▸ WHAT YOU SHOULD DO: Repeat, exactly as they appear, the lines from the one with "How to Process" through the last line of the entries below, but none of the pictures.

Image-text web data:
○ ○ ○ ○ ○

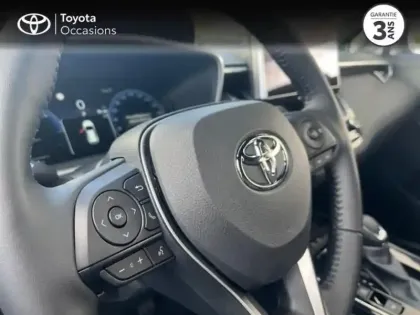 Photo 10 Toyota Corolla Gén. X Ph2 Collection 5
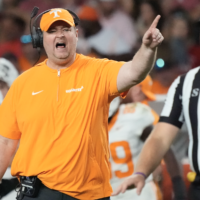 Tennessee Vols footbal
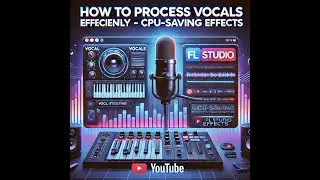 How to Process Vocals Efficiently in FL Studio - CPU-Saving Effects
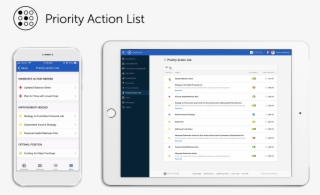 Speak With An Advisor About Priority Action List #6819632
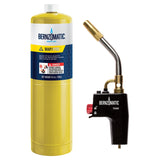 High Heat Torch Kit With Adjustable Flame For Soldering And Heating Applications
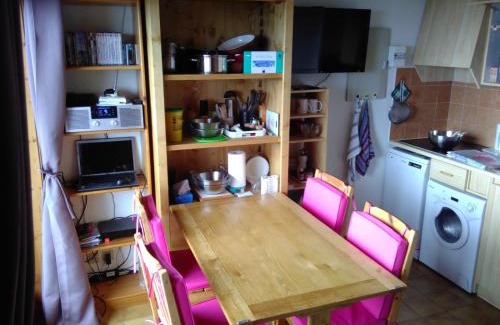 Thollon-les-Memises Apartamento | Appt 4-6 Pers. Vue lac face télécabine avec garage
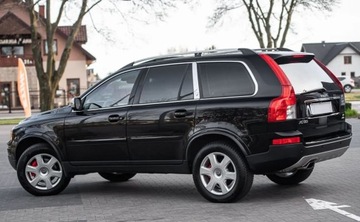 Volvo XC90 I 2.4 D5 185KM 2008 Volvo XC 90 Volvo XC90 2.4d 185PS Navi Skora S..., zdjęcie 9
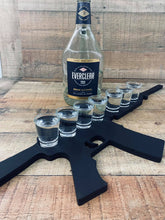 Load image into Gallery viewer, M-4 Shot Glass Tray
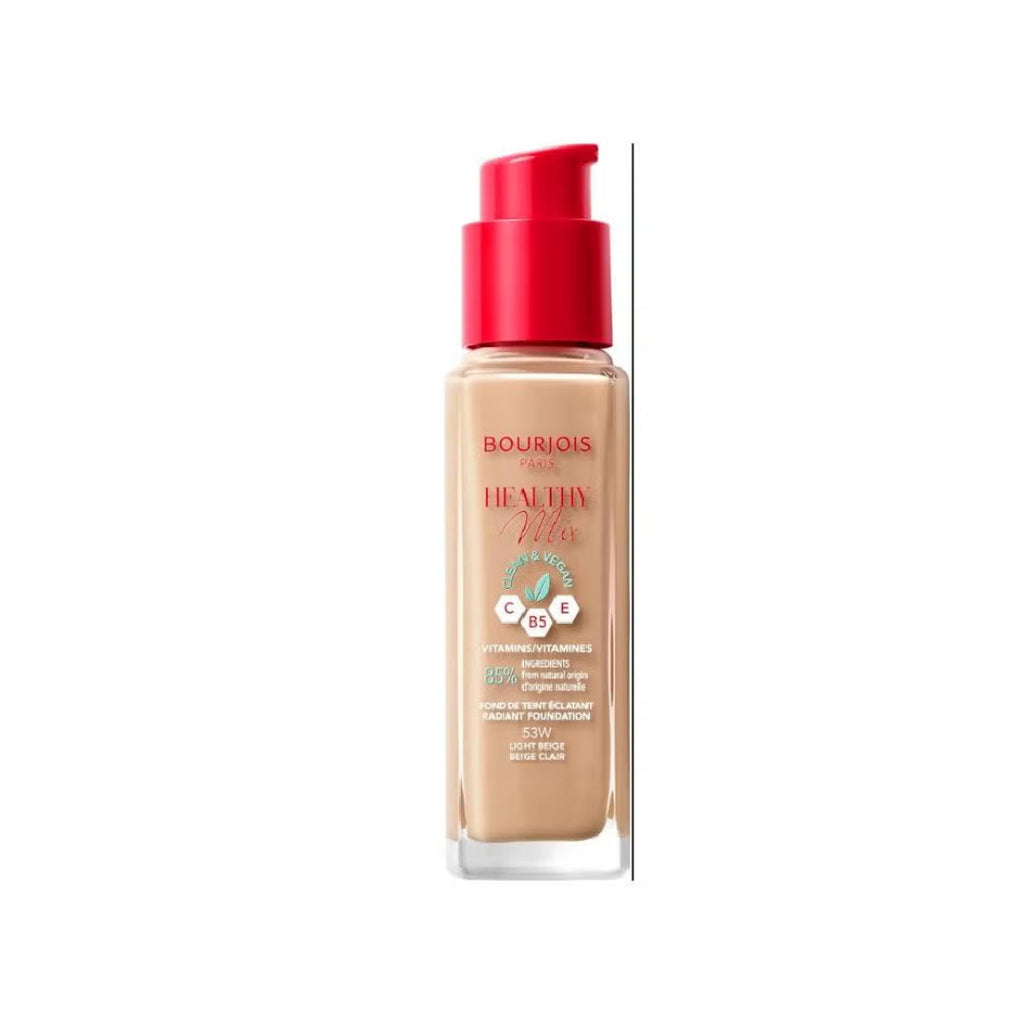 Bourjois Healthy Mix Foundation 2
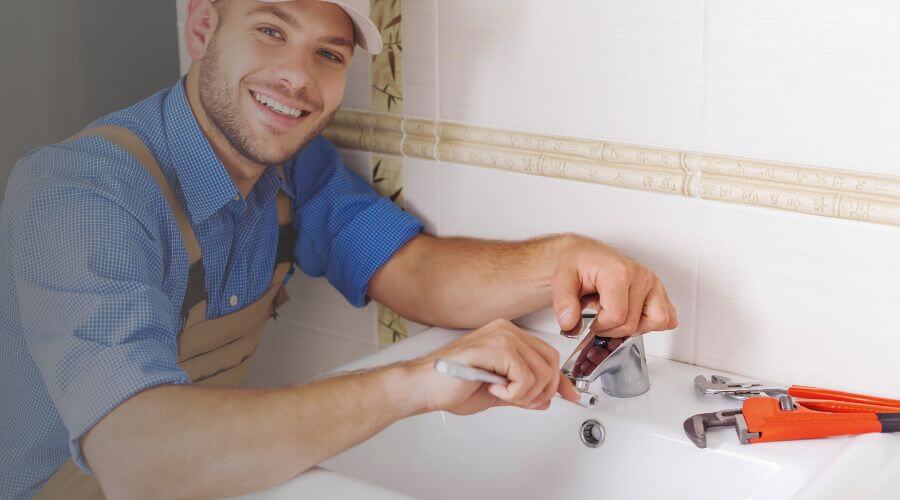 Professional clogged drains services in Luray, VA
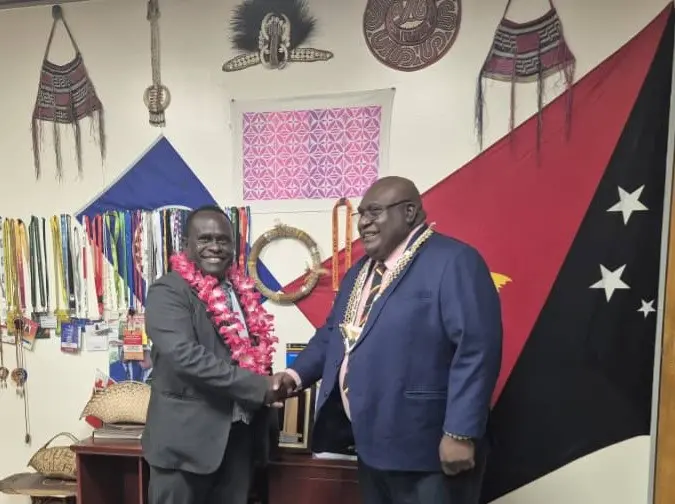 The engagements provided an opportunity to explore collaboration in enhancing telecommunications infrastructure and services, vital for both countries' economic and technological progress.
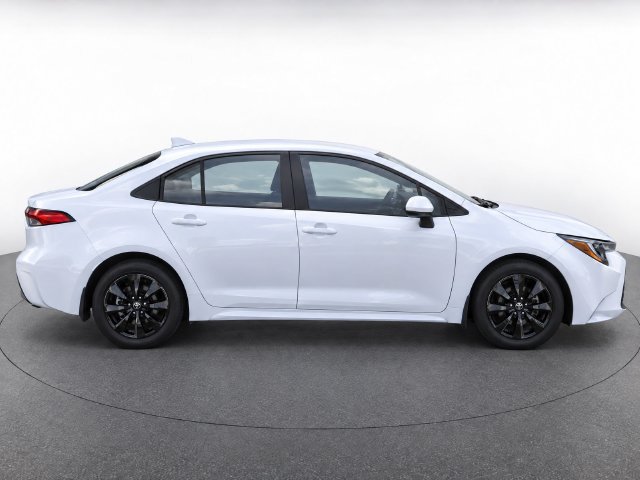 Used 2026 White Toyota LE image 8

○ ○ ○ ○ ○

▸ SOLUTION BELOW:
 How to Process Vocals Efficiently in FL Studio - CPU-Saving Effects
 Speak With An Advisor About Priority Action List #6819632
 High Heat Torch Kit With Adjustable Flame For Soldering And Heating Applications
 Thollon-les-Memises Apartamento | Appt 4-6 Pers. Vue lac face télécabine avec garage
 Volvo XC90 I 2.4 D5 185KM 2008 Volvo XC 90 Volvo XC90 2.4d 185PS Navi Skora S..., zdjęcie 9
 Load image into Gallery viewer, M-4 Shot Glass Tray
 Bourjois Healthy Mix Foundation 2
 Professional clogged drains services in Luray, VA
 The engagements provided an opportunity to explore collaboration in enhancing telecommunications infrastructure and services, vital for both countries' economic and technological progress.
 Used 2026 White Toyota LE image 8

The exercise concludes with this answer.